James: The Project in Nepal was with The Esther Benjamin Trust (ebtrust.org). I was actually on my way to Bhutan to photograph there but got stuck in Kathmandu for a few days. Whilst I was there I read an article by Soma Wadhwa about Nepalese girls living in Mumbai’s notorious red light district. After reading it the entire city [Kathmandu] looked different, I could feel it in the streets, it was really eerie, so I started making some inquiries and shot a few initial images before I left for Bhutan. When the founder of EBT saw the photos he commissioned a month long piece which gave me the freedom to follow the child trafficking trail right down across the border into India. A year later I am still receiving increasingly well-spelt emails from a few of the older children I worked with.
Stylistically I decided to concentrate primarily on portraiture, shooting very few images that alluded directly to trafficking. Contrary to everything you’re supposed to do as a photojournalist, I decided to show these images out of context hoping to create a series of images that represented a group of children rather than a group of trafficking victims.
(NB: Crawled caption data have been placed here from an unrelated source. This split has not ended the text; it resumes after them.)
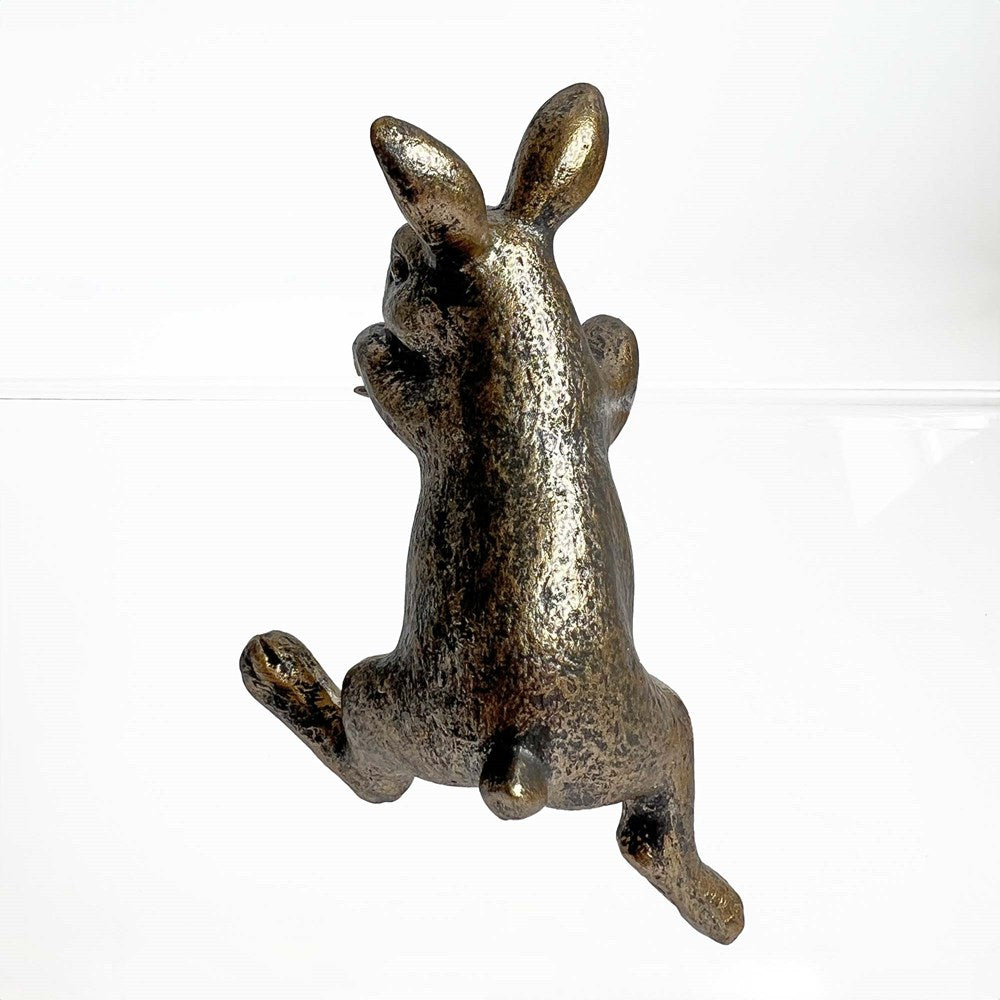Gold rabbit figurine on a white background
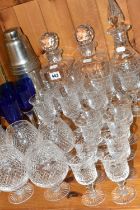 A GROUP OF CUT GLASSWARE, comprising a set of six cobalt blue wine glasses with clear twisted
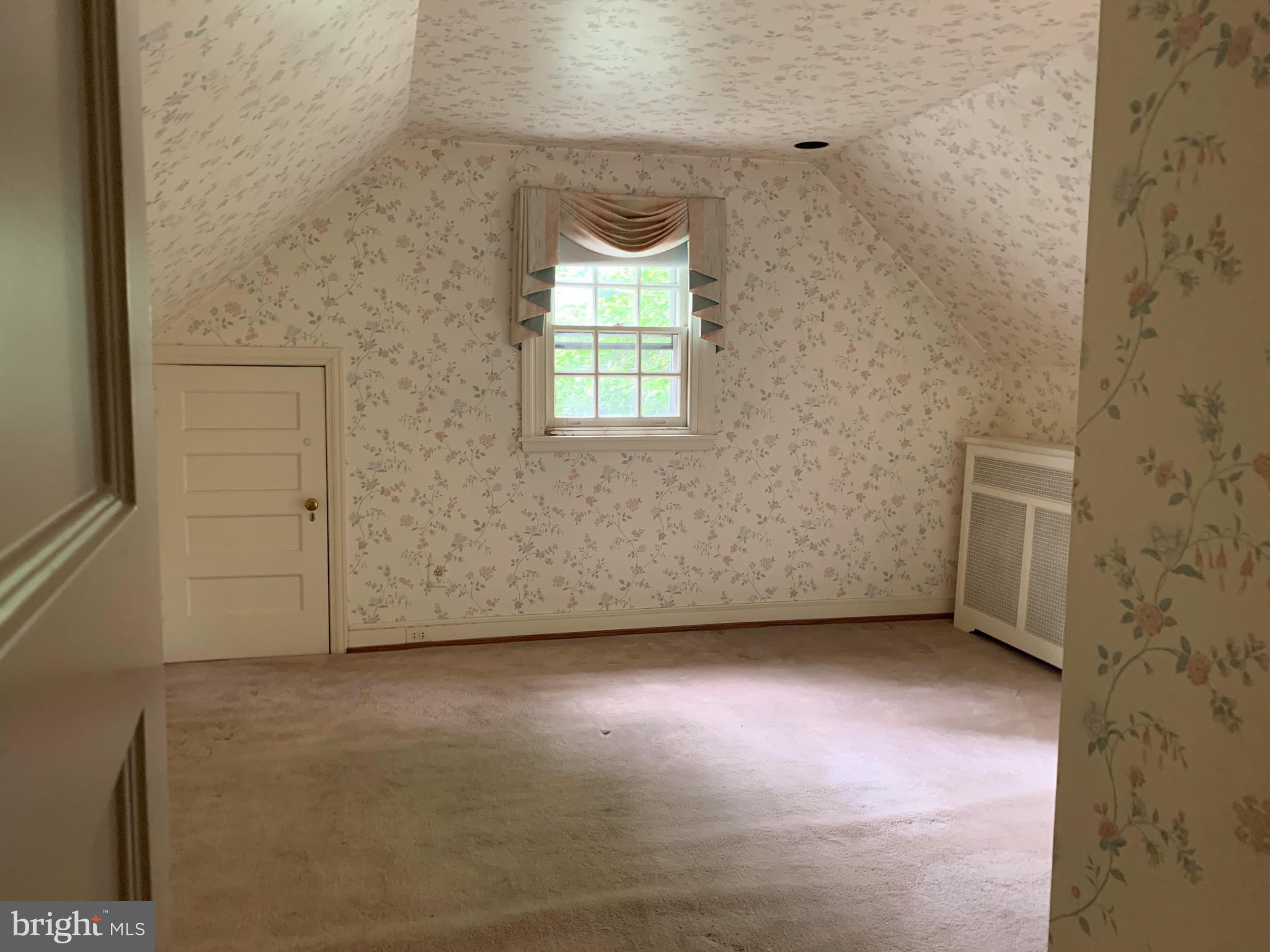 315 Kent Road Wynnewood, PA 19096 - Photo 18 of 19 a view of an empty room with a window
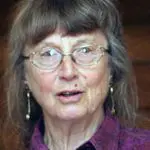 An elderly woman with glasses speaking.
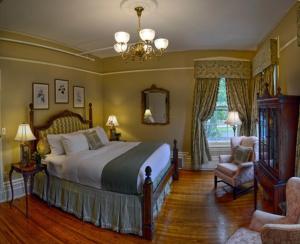 a bedroom with a bed and a chair and a chandelier at Maxwell Mansion Hotel in Lake Geneva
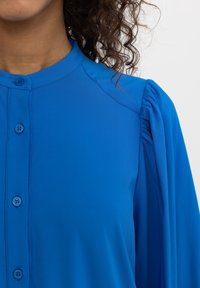 Blusa blu a maniche lunghe con parte anteriore abbottonata, tessuto morbido, spalle plissettate e colletto arrotondato. Texture liscia con vestibilità su misura.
EBT used the images in promotional material, in print and on the web. I think there was also a gallery exhibition in London and some newspaper articles. As always I feel as though a lot more could be done with the images but it would have to justify diverting time and money into media and away from more immediate concerns which is always a difficult call to make.
REP: Much of your work is presented as multi-media pieces/photo essays. Do you feel this has opened wider possibilities in story telling than just stills on their own? What in your experience are the lessons both young photographers and NGOs can learn in using multimedia to tell compelling stories?
James: Multimedia is the future of on-line story telling, without doubt. And NGOs are well ahead of editorials in realizing this (or at least budgeting for it!). For NGOs particularly it makes complete sense, the production costs needn’t be much more than traditional stills work. When I work for NGOs now I routinely produce audio, stills and moving images and, when it’s done right, I think it’s an incredibly powerful combination.
Having said that I think the best way to tell a story is to tell it in as many ways as possible. I am starting a project in a few days on the Bajau Laut, a group of semi-nomadic ocean dwellers living off the coast of Sulawesi. For this project I will certainly produce a multimedia piece for onl-ine use but I’ll also do a traditional photo essay with a written article for print as well as a gallery exhibition of a few select images. All these formats tell the story differently and invite you to engage with the material in different ways.